ABOUT THIS TASK —
Beginning with the line below that contains "Рис. 5. Попутно-встречное" and ending with the line that contains "Figure 1 : Méthodologie", retype every line exactly. Pictures are not copied.

━━━ EXTRACTED MATERIAL

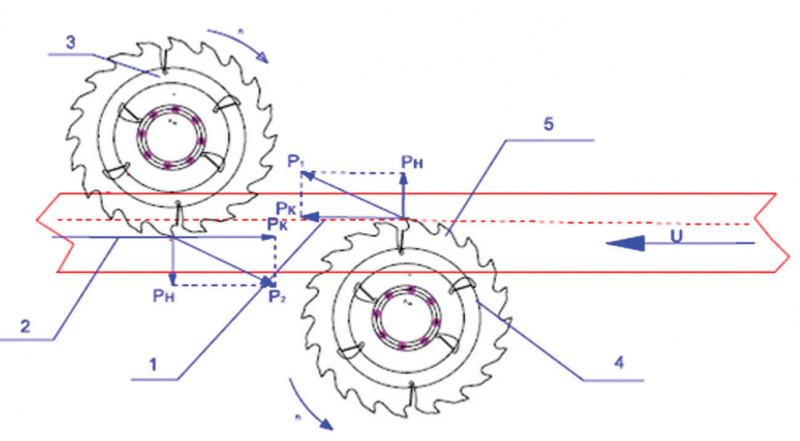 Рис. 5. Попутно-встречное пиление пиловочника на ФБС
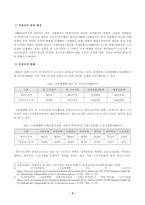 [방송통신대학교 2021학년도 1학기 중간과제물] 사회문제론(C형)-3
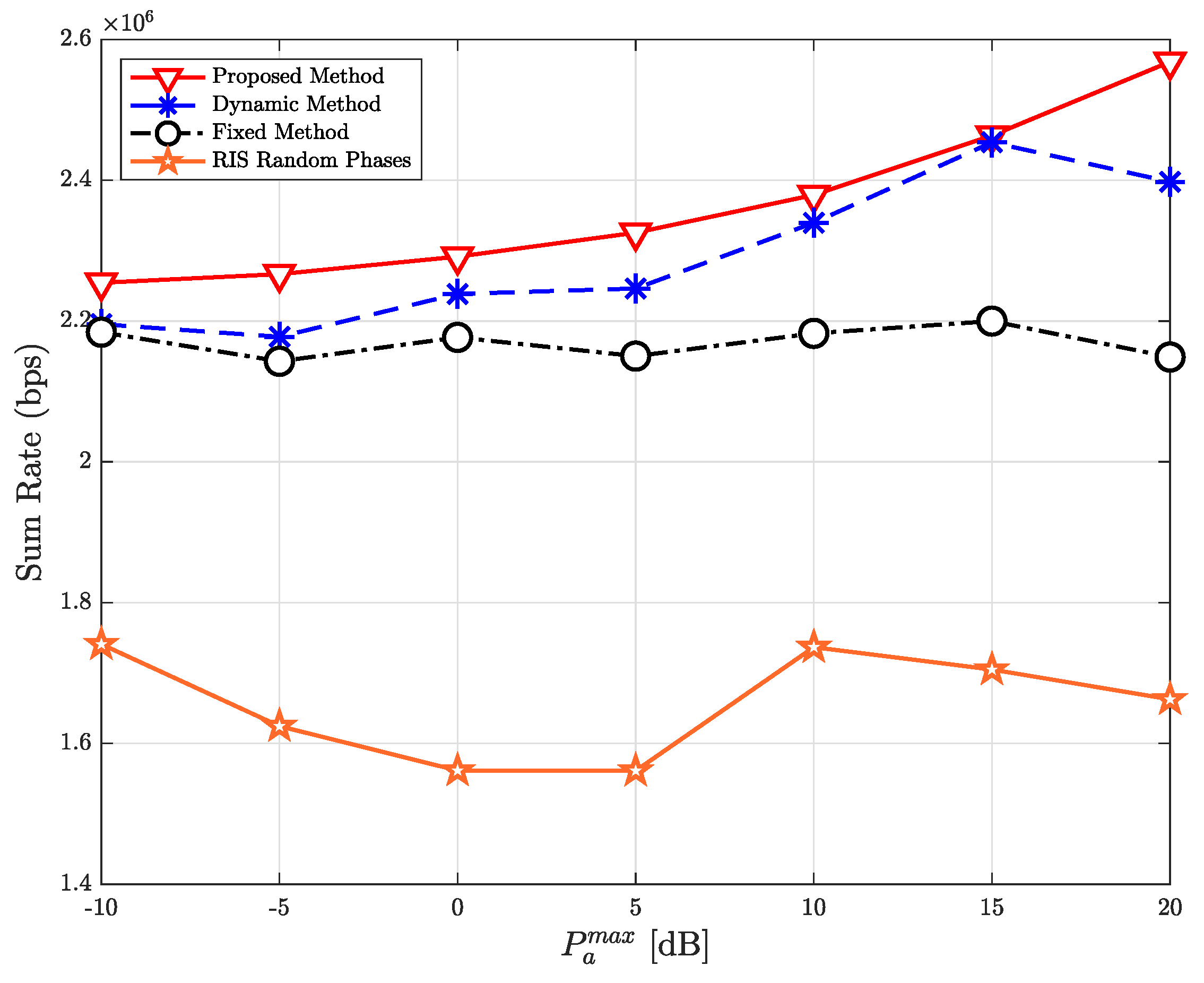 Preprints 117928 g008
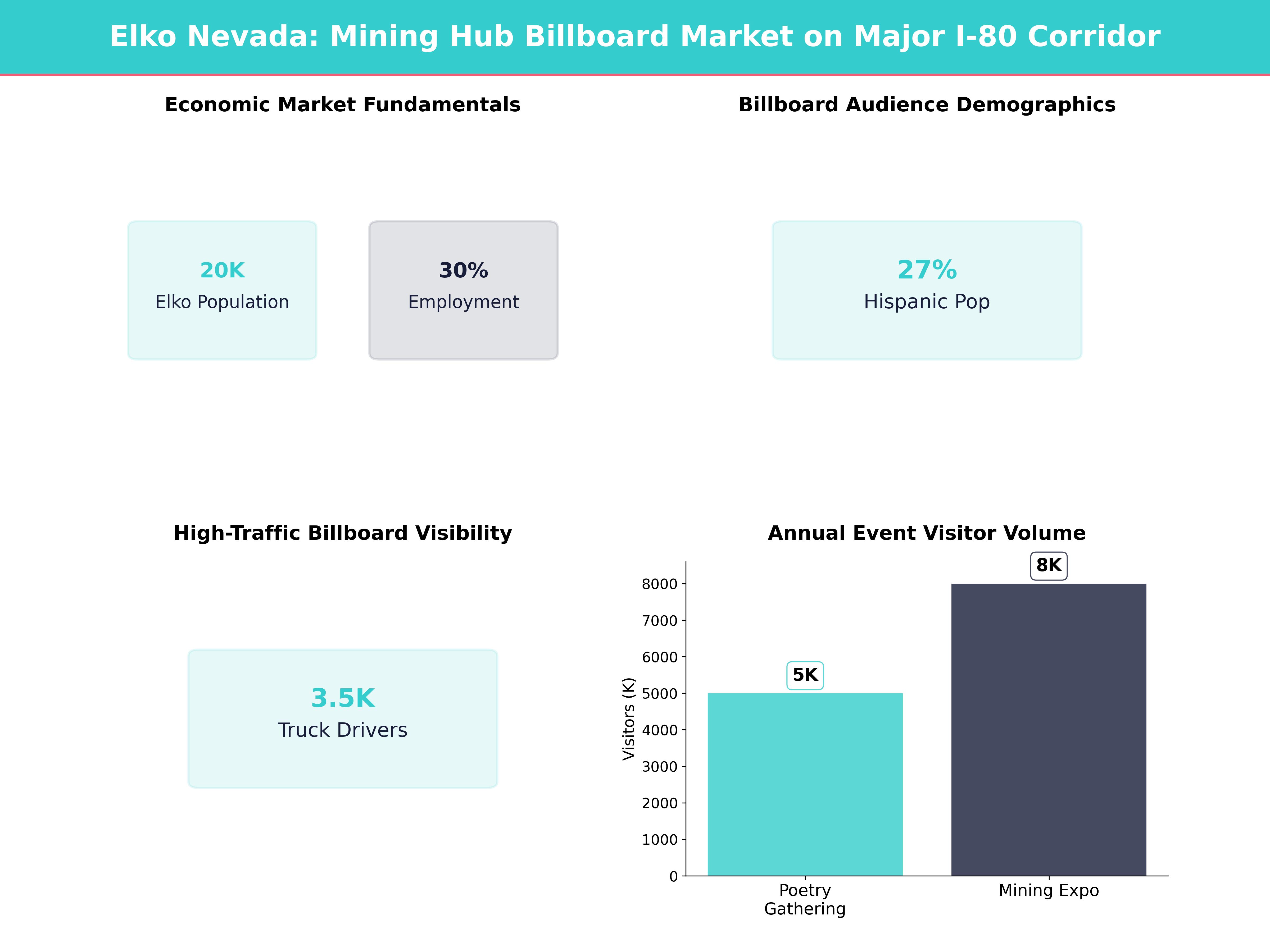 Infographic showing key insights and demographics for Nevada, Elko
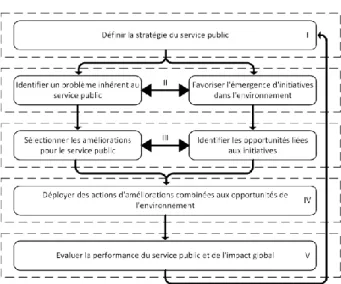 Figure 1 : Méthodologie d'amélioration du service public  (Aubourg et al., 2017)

━━━━━━
━━━ EXTRACTED MATERIAL

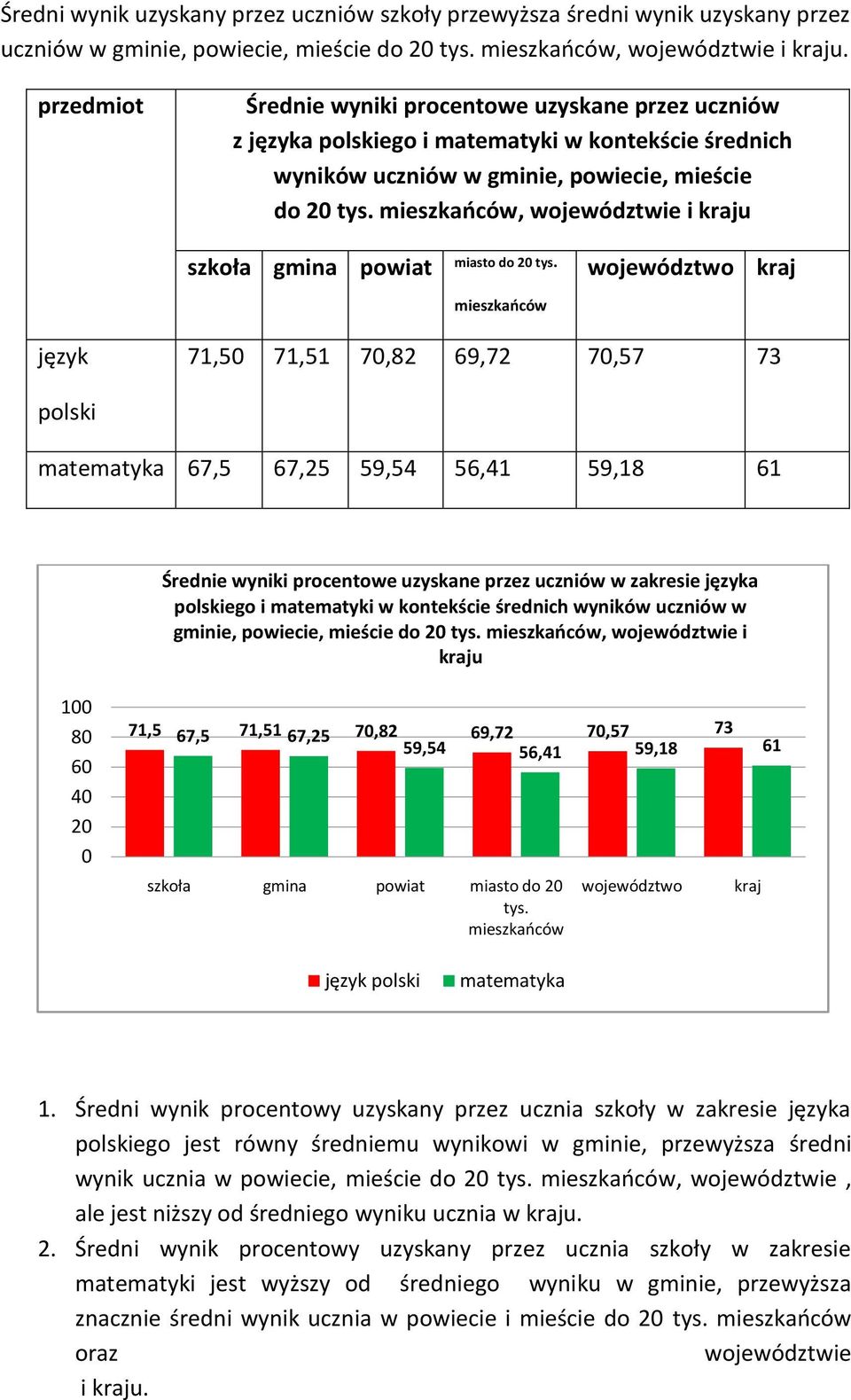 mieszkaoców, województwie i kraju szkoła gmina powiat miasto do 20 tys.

━━━━━━
━━━ EXTRACTED MATERIAL

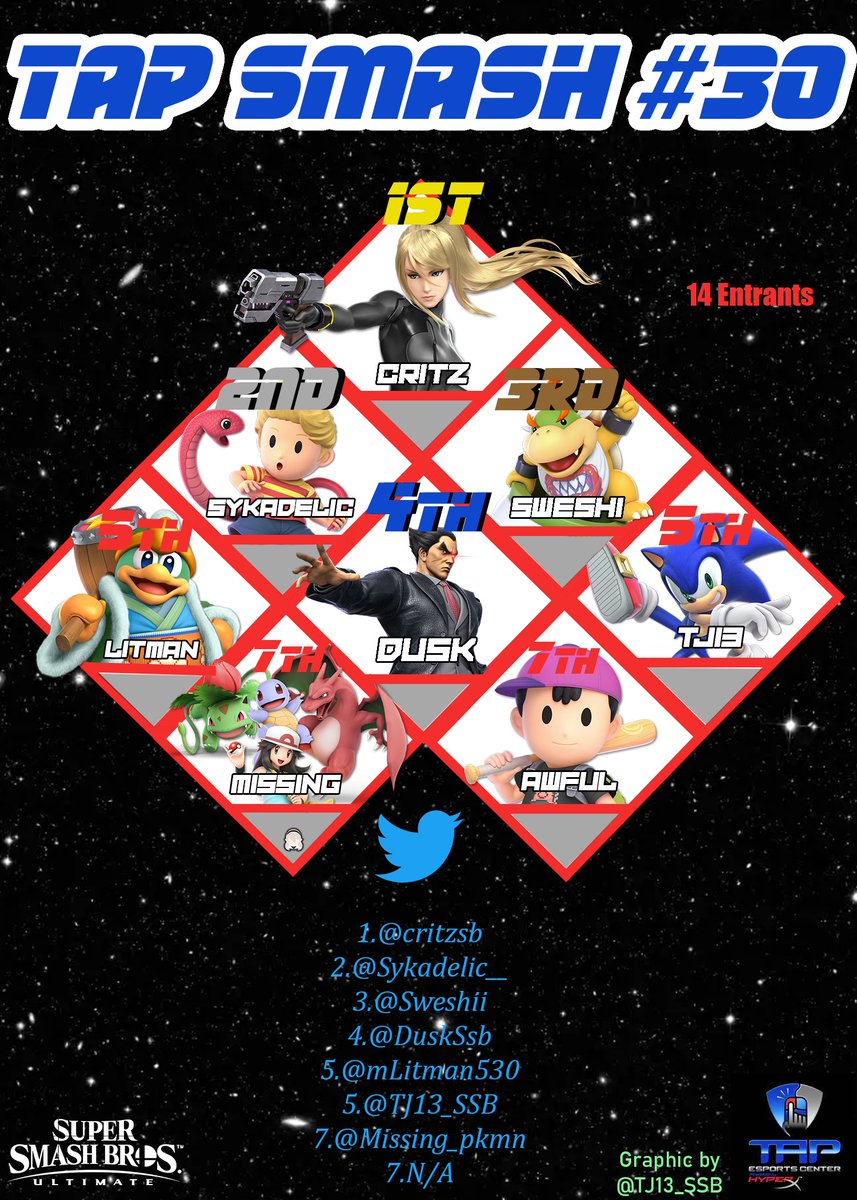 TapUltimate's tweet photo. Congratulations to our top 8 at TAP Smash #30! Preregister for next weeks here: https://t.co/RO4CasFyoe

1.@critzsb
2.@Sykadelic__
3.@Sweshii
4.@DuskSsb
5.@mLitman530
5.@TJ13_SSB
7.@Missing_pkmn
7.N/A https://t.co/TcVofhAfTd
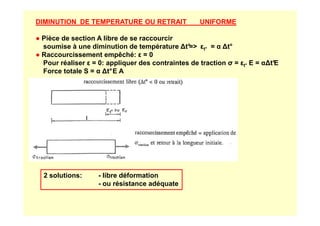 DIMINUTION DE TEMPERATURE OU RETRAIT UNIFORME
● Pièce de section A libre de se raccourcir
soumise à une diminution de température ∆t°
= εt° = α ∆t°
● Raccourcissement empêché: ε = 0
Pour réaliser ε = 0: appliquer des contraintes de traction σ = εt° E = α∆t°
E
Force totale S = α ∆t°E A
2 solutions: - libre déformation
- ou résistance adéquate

━━━━━━

ANSWER SPACE —
 Рис. 5. Попутно-встречное пиление пиловочника на ФБС
 [방송통신대학교 2021학년도 1학기 중간과제물] 사회문제론(C형)-3
 Preprints 117928 g008
 Infographic showing key insights and demographics for Nevada, Elko
 Figure 1 : Méthodologie d'amélioration du service public  (Aubourg et al., 2017)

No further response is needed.